## Supplied data
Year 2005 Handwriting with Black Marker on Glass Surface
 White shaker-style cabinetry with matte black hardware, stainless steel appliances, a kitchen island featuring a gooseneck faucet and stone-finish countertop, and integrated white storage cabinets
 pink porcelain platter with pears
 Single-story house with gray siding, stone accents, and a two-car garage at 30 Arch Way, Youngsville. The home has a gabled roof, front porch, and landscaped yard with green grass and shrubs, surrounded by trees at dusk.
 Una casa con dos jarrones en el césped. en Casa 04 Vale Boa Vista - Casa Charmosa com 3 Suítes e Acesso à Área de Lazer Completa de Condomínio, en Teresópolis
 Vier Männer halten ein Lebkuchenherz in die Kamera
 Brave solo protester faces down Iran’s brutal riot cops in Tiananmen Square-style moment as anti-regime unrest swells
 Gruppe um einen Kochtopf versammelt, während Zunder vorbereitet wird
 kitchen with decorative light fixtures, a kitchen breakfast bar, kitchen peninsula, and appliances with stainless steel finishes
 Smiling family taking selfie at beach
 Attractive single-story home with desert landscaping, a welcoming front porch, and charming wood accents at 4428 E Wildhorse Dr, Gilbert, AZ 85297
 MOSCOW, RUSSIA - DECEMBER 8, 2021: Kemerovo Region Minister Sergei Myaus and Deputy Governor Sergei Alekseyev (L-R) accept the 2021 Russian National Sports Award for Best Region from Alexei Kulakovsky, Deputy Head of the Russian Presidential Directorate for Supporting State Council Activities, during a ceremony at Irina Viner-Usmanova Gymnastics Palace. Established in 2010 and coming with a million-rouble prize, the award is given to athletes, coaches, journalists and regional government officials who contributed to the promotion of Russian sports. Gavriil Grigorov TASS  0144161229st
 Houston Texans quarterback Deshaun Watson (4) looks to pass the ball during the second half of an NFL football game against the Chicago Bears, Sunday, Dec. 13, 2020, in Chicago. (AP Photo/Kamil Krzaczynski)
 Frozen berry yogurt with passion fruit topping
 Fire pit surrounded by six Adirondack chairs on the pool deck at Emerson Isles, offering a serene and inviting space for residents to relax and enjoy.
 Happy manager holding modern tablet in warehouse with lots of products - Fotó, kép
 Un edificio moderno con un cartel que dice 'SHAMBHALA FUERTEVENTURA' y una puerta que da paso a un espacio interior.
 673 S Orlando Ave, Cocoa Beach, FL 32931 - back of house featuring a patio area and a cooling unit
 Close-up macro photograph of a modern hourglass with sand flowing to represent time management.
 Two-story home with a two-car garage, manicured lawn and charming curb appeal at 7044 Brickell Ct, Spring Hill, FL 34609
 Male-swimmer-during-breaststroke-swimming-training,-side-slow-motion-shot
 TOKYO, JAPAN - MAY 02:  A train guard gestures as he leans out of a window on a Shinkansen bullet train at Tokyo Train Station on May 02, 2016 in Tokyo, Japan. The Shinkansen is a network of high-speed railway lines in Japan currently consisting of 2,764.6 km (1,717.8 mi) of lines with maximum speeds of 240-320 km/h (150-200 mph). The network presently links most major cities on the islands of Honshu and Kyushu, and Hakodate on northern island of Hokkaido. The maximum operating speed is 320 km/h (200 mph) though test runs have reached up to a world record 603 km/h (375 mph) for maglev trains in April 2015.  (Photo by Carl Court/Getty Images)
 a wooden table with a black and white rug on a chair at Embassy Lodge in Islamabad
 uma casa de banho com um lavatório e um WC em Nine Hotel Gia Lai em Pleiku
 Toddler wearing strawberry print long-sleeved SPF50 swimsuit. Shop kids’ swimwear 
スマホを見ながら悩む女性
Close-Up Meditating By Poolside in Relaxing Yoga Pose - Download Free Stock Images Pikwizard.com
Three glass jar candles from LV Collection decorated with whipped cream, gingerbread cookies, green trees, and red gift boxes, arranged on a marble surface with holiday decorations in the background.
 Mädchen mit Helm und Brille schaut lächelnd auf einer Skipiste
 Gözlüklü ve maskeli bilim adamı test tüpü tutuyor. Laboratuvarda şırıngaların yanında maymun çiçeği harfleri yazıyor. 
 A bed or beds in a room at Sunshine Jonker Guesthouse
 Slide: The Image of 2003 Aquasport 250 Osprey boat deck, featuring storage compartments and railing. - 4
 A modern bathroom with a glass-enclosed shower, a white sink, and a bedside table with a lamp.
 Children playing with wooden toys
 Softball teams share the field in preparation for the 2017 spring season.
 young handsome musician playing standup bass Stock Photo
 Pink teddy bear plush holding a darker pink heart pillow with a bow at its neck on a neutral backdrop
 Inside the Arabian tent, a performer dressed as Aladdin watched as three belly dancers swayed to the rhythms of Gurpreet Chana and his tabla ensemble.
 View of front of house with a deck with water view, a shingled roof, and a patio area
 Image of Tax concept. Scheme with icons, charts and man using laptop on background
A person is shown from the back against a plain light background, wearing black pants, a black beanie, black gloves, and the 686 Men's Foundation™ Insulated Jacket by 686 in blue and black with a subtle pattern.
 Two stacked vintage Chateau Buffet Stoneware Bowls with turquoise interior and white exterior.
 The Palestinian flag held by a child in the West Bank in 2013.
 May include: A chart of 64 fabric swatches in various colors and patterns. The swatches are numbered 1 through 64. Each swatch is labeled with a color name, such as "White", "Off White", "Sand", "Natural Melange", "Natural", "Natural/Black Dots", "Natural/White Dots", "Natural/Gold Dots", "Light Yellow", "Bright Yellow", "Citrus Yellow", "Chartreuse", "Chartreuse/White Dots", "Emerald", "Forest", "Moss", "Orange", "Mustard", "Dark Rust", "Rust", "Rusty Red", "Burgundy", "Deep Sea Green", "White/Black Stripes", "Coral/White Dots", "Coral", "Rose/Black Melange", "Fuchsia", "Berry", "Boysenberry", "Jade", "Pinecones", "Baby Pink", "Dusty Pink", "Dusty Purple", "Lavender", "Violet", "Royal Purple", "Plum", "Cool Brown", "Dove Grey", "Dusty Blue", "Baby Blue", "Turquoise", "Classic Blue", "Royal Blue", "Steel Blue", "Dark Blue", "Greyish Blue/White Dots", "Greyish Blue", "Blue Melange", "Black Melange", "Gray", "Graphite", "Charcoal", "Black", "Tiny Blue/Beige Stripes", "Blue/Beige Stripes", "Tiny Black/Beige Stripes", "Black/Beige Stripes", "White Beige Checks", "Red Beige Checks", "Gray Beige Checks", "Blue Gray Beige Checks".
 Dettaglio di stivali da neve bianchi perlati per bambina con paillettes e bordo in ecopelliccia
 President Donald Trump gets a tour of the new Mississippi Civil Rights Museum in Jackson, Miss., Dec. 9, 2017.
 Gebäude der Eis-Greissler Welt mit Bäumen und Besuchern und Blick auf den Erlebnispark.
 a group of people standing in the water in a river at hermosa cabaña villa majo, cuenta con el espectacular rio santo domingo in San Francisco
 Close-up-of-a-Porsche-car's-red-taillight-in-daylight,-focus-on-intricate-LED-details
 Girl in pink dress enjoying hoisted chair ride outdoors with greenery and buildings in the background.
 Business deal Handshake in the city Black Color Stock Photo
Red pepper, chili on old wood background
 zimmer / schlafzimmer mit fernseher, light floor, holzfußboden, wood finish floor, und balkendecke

## Assignment
Copy out each entry once more, character for character.

## Answer to this task
Year 2005 Handwriting with Black Marker on Glass Surface
 White shaker-style cabinetry with matte black hardware, stainless steel appliances, a kitchen island featuring a gooseneck faucet and stone-finish countertop, and integrated white storage cabinets
 pink porcelain platter with pears
 Single-story house with gray siding, stone accents, and a two-car garage at 30 Arch Way, Youngsville. The home has a gabled roof, front porch, and landscaped yard with green grass and shrubs, surrounded by trees at dusk.
 Una casa con dos jarrones en el césped. en Casa 04 Vale Boa Vista - Casa Charmosa com 3 Suítes e Acesso à Área de Lazer Completa de Condomínio, en Teresópolis
 Vier Männer halten ein Lebkuchenherz in die Kamera
 Brave solo protester faces down Iran’s brutal riot cops in Tiananmen Square-style moment as anti-regime unrest swells
 Gruppe um einen Kochtopf versammelt, während Zunder vorbereitet wird
 kitchen with decorative light fixtures, a kitchen breakfast bar, kitchen peninsula, and appliances with stainless steel finishes
 Smiling family taking selfie at beach
 Attractive single-story home with desert landscaping, a welcoming front porch, and charming wood accents at 4428 E Wildhorse Dr, Gilbert, AZ 85297
 MOSCOW, RUSSIA - DECEMBER 8, 2021: Kemerovo Region Minister Sergei Myaus and Deputy Governor Sergei Alekseyev (L-R) accept the 2021 Russian National Sports Award for Best Region from Alexei Kulakovsky, Deputy Head of the Russian Presidential Directorate for Supporting State Council Activities, during a ceremony at Irina Viner-Usmanova Gymnastics Palace. Established in 2010 and coming with a million-rouble prize, the award is given to athletes, coaches, journalists and regional government officials who contributed to the promotion of Russian sports. Gavriil Grigorov TASS  0144161229st
 Houston Texans quarterback Deshaun Watson (4) looks to pass the ball during the second half of an NFL football game against the Chicago Bears, Sunday, Dec. 13, 2020, in Chicago. (AP Photo/Kamil Krzaczynski)
 Frozen berry yogurt with passion fruit topping
 Fire pit surrounded by six Adirondack chairs on the pool deck at Emerson Isles, offering a serene and inviting space for residents to relax and enjoy.
 Happy manager holding modern tablet in warehouse with lots of products - Fotó, kép
 Un edificio moderno con un cartel que dice 'SHAMBHALA FUERTEVENTURA' y una puerta que da paso a un espacio interior.
 673 S Orlando Ave, Cocoa Beach, FL 32931 - back of house featuring a patio area and a cooling unit
 Close-up macro photograph of a modern hourglass with sand flowing to represent time management.
 Two-story home with a two-car garage, manicured lawn and charming curb appeal at 7044 Brickell Ct, Spring Hill, FL 34609
 Male-swimmer-during-breaststroke-swimming-training,-side-slow-motion-shot
 TOKYO, JAPAN - MAY 02:  A train guard gestures as he leans out of a window on a Shinkansen bullet train at Tokyo Train Station on May 02, 2016 in Tokyo, Japan. The Shinkansen is a network of high-speed railway lines in Japan currently consisting of 2,764.6 km (1,717.8 mi) of lines with maximum speeds of 240-320 km/h (150-200 mph). The network presently links most major cities on the islands of Honshu and Kyushu, and Hakodate on northern island of Hokkaido. The maximum operating speed is 320 km/h (200 mph) though test runs have reached up to a world record 603 km/h (375 mph) for maglev trains in April 2015.  (Photo by Carl Court/Getty Images)
 a wooden table with a black and white rug on a chair at Embassy Lodge in Islamabad
 uma casa de banho com um lavatório e um WC em Nine Hotel Gia Lai em Pleiku
 Toddler wearing strawberry print long-sleeved SPF50 swimsuit. Shop kids’ swimwear 
スマホを見ながら悩む女性
Close-Up Meditating By Poolside in Relaxing Yoga Pose - Download Free Stock Images Pikwizard.com
Three glass jar candles from LV Collection decorated with whipped cream, gingerbread cookies, green trees, and red gift boxes, arranged on a marble surface with holiday decorations in the background.
 Mädchen mit Helm und Brille schaut lächelnd auf einer Skipiste
 Gözlüklü ve maskeli bilim adamı test tüpü tutuyor. Laboratuvarda şırıngaların yanında maymun çiçeği harfleri yazıyor. 
 A bed or beds in a room at Sunshine Jonker Guesthouse
 Slide: The Image of 2003 Aquasport 250 Osprey boat deck, featuring storage compartments and railing. - 4
 A modern bathroom with a glass-enclosed shower, a white sink, and a bedside table with a lamp.
 Children playing with wooden toys
 Softball teams share the field in preparation for the 2017 spring season.
 young handsome musician playing standup bass Stock Photo
 Pink teddy bear plush holding a darker pink heart pillow with a bow at its neck on a neutral backdrop
 Inside the Arabian tent, a performer dressed as Aladdin watched as three belly dancers swayed to the rhythms of Gurpreet Chana and his tabla ensemble.
 View of front of house with a deck with water view, a shingled roof, and a patio area
 Image of Tax concept. Scheme with icons, charts and man using laptop on background
A person is shown from the back against a plain light background, wearing black pants, a black beanie, black gloves, and the 686 Men's Foundation™ Insulated Jacket by 686 in blue and black with a subtle pattern.
 Two stacked vintage Chateau Buffet Stoneware Bowls with turquoise interior and white exterior.
 The Palestinian flag held by a child in the West Bank in 2013.
 May include: A chart of 64 fabric swatches in various colors and patterns. The swatches are numbered 1 through 64. Each swatch is labeled with a color name, such as "White", "Off White", "Sand", "Natural Melange", "Natural", "Natural/Black Dots", "Natural/White Dots", "Natural/Gold Dots", "Light Yellow", "Bright Yellow", "Citrus Yellow", "Chartreuse", "Chartreuse/White Dots", "Emerald", "Forest", "Moss", "Orange", "Mustard", "Dark Rust", "Rust", "Rusty Red", "Burgundy", "Deep Sea Green", "White/Black Stripes", "Coral/White Dots", "Coral", "Rose/Black Melange", "Fuchsia", "Berry", "Boysenberry", "Jade", "Pinecones", "Baby Pink", "Dusty Pink", "Dusty Purple", "Lavender", "Violet", "Royal Purple", "Plum", "Cool Brown", "Dove Grey", "Dusty Blue", "Baby Blue", "Turquoise", "Classic Blue", "Royal Blue", "Steel Blue", "Dark Blue", "Greyish Blue/White Dots", "Greyish Blue", "Blue Melange", "Black Melange", "Gray", "Graphite", "Charcoal", "Black", "Tiny Blue/Beige Stripes", "Blue/Beige Stripes", "Tiny Black/Beige Stripes", "Black/Beige Stripes", "White Beige Checks", "Red Beige Checks", "Gray Beige Checks", "Blue Gray Beige Checks".
 Dettaglio di stivali da neve bianchi perlati per bambina con paillettes e bordo in ecopelliccia
 President Donald Trump gets a tour of the new Mississippi Civil Rights Museum in Jackson, Miss., Dec. 9, 2017.
 Gebäude der Eis-Greissler Welt mit Bäumen und Besuchern und Blick auf den Erlebnispark.
 a group of people standing in the water in a river at hermosa cabaña villa majo, cuenta con el espectacular rio santo domingo in San Francisco
 Close-up-of-a-Porsche-car's-red-taillight-in-daylight,-focus-on-intricate-LED-details
 Girl in pink dress enjoying hoisted chair ride outdoors with greenery and buildings in the background.
 Business deal Handshake in the city Black Color Stock Photo
Red pepper, chili on old wood background
 zimmer / schlafzimmer mit fernseher, light floor, holzfußboden, wood finish floor, und balkendecke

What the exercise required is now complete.